L’analisi dettagliata, recentemente diffusa attraverso il bollettino “Excelsior”, rivela un’intenzione marcata da parte del tessuto imprenditoriale regionale a rafforzare il proprio organico, con circa un quinto delle aziende in procinto di assumere nuove risorse.
Questo si traduce in un potenziale incremento di circa 11.000 posizioni lavorative, un dato che testimonia una rinnovata fiducia nel futuro economico del territorio.
L’evoluzione positiva è particolarmente evidente nel settore dei servizi, vero motore della crescita occupazionale, con 6.510 nuove opportunità.
L’industria manifatturiera e il comparto delle utilities contribuiscono anch’essi in modo significativo, seppur in misura minore, con 3.010 e 870 assunzioni rispettivamente.
All’interno del settore terziario, spiccano i servizi alle imprese (2.470 entrate) e il turismo (1.470), che riflettono l’importanza strategica di questi ambiti per l’economia regionale.
Un numero rilevante di posizioni, quasi 1.300, si concentra nel commercio e nei servizi alla persona, sottolineando la vitalità del tessuto commerciale locale.

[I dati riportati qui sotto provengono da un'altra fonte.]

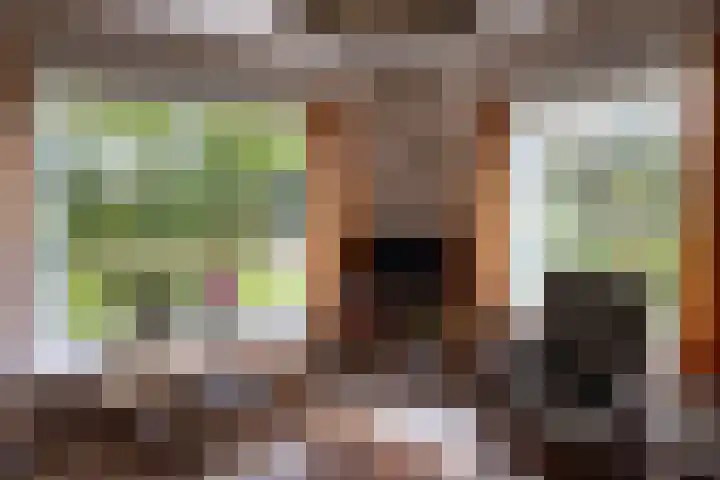 Bovenweg 12 't Harde thumbnail 28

Un elemento cruciale da sottolineare è l’attenzione delle imprese alla qualificazione delle risorse umane: il 62% delle nuove assunzioni richiede un’esperienza professionale specifica o pregressa nel settore, indicando una ricerca di competenze mirate.
Questa focalizzazione, tuttavia, si scontra con una problematica diffusa: il 56% delle aziende esprime preoccupazione per la difficoltà di reperire profili in linea con le proprie esigenze, evidenziando un potenziale mismatch tra domanda e offerta di lavoro.
Antonio Paoletti, presidente della Cciaa Venezia Giulia, evidenzia come il 2025 sia stato un anno di crescita significativa e attribuisce fiducia nelle misure di sostegno all’occupazione promosse dall’assessore regionale Alessia Rosolen, che dovrebbero amplificare ulteriormente il trend positivo nel 2026.
L’introduzione del nuovo Codice integrato per il commercio e il turismo, promossa dall’assessore regionale Sergio Emidio Bini, è vista come un ulteriore fattore di sviluppo e di creazione di opportunità lavorative.
Giovanni Da Pozzo, presidente della Cciaa Pordenone-Udine, condivide un sentimento di ottimismo, sottolineando come l’inizio dell’anno con una tendenza positiva infonda fiducia.
Tuttavia, pone l’attenzione sulla complessa situazione geopolitica internazionale, che introduce elementi di incertezza sulle previsioni occupazionali del primo trimestre gennaio-marzo.
Nonostante ciò, il settore dei servizi, e in particolare il turismo, continuano a mostrare una performance robusta, trainando la crescita occupazionale e compensando, in parte, le possibili contrazioni in altri settori.
La resilienza del turismo, in particolare, emerge come un elemento chiave per sostenere l’economia regionale in un contesto globale instabile.